Side 1 | Side 2 | Side 3 | Side 4 | Side 5 | Side 6

Spotify playlists:

Sides 1 and 2 (LP 1)

Sides 3 and 4 (LP 2)

Sides 5 and 6 (LP 3)


Sources

John Lennon

Paul McCartney

George Harrison

Ringo Starr

Definitive biography of John Lennon: Definitive critique of John Lennon: An insider (Barry Miles) biography of Paul McCartney:
The authorized Paul McCartney biography by Philip Norman George Harrison’s own autobiography I Me Mine: George Harrison’s autobiography of the Dark Horse years:
Biography of Ringo Starr: George Harrison music analysis: Olivia Harrison’s biography:

Other:

Paul McCartney: Recording Sessions (1969-2013). A Journey Through Paul McCartney’s Songs After The Beatles

Imagine John Yoko

Being John Lennon: A Restless Life


Books by John Lennon (including lyrics and songbooks)

 

Liner Notes

Why these songs?

I wanted to put the solo songs together in an album context to see how powerful an album it would have been. I took into account ideas such as:

  • Giving George Harrison more songs on a Beatles album than ever before (he had been arguing for that).
  • Using other musicians and producing songs themselves (as in the “White Album”).
  • Using spouses like Linda McCartney and Yoko Ono to join in on backing vocals.

While outtakes of Beatles sessions provided a basis for some of these choices, I chose the finished, actually released versions.

A family of musicians

The music is very similar to the Beatles’ music because many of the same people played on them. 

While each solo Beatle had his own backing musicians who contributed to this new, richly varied, “Beatles solo” sound, many of them had already appeared on Beatles songs. For example, contenders for the “fifth Beatle” — Eric Clapton, Billy Preston, and Nicky Hopkins — had all played on Beatles records and were now playing with John Lennon and George Harrison. 

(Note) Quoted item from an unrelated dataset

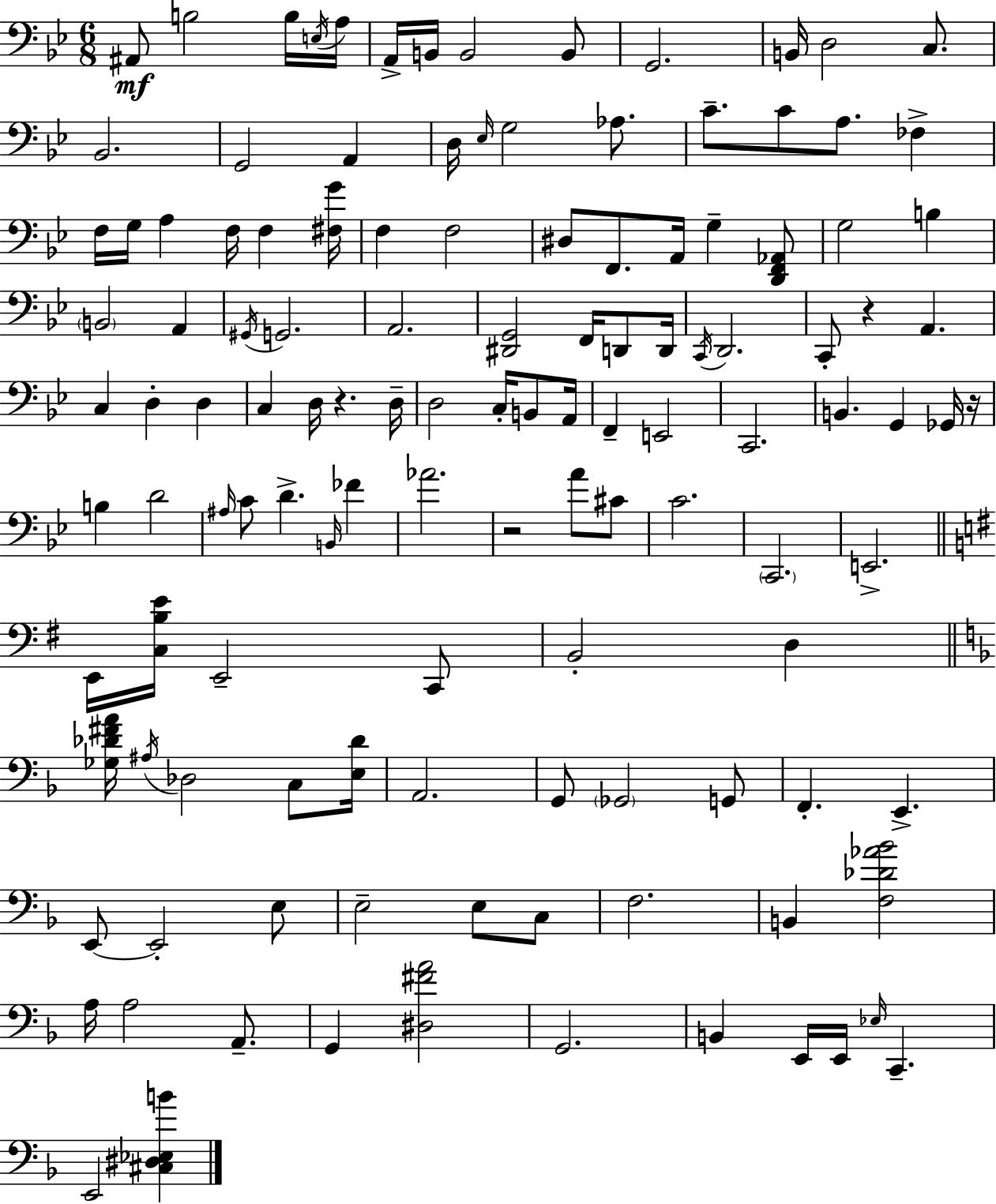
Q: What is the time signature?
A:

Klaus Voormann and Gary Wright also played on both Ringo Starr and Harrison songs, and Alan White played on Lennon and Harrison songs. On some songs, Clapton brought along his friends, such as Bobby Whitlock, Carl Radle, and Jim Gordon, who eventually formed Derek and the Dominos with Clapton during these sessions. 

Bobby Keys and Jim Price played horns on Harrison, Lennon, and Starr songs. Phil Spector produced many of the Lennon and Harrison songs; otherwise the songs were self-produced.

Of course, Harrison and Starr played on Lennon records, and Starr played on Harrison records.

McCartney played all the instruments himself on most his songs and produced the songs, enlisting Hugh McCracken (who also played with Lennon), Denny Seiwell, and David Spinozza for a few songs.

Song highlights

Try to imagine it is the Fall of 1970. Rumors are swirling that the Beatles are breaking up. The Let It Be album was somewhat of a letdown, and everyone wants the Abbey Road Beatles back again.

Then, right before Thanksgiving of 1970, Apple releases a new single, ostensibly a Christmas record:

• Happy Xmas (War is Over)/Give Peace a Chance

Heads turn. Has John Lennon gone political? Where’s the rest of the Beatles? 

In June of 1971, a second single is released:

• Too Many People/Man We Was Lonely 

Has Paul McCartney gone balmy? These songs don’t even sound like Beatles songs. The first one uses studio musicians, and in the second, all the instruments were played by Paul. Well, the Beatles have surprised us before.

In the Fall of 1972, people notice that the Beatles haven’t released an album in two years. More singles emerge:

• Power to the People/Oo You

• Cold Turkey/Early 1970

• What is Life/Love

• Wah-Wah/Oh Woman, Oh Why

Now we’ve got Lennon, McCartney, Harrison, and Starr, all on singles. “Wah-Wah” is outrageous for its “hard rock” sound, while “Power to the People” becomes the anthem of the American left.

But the biggest surprise comes in June 1973. A triple-album set of six sides is released, with a red border, dubbed “The Red Album” and containing two more sides than the “White Album” (to which it is often compared). 

The concept emerges from reading the song titles in order. The first four sides are all new material, while the last two sides collect all of the singles. 

Lennon produced some of his finest songs, documenting with honesty and artistic integrity his emotional and mental state at that point in his career.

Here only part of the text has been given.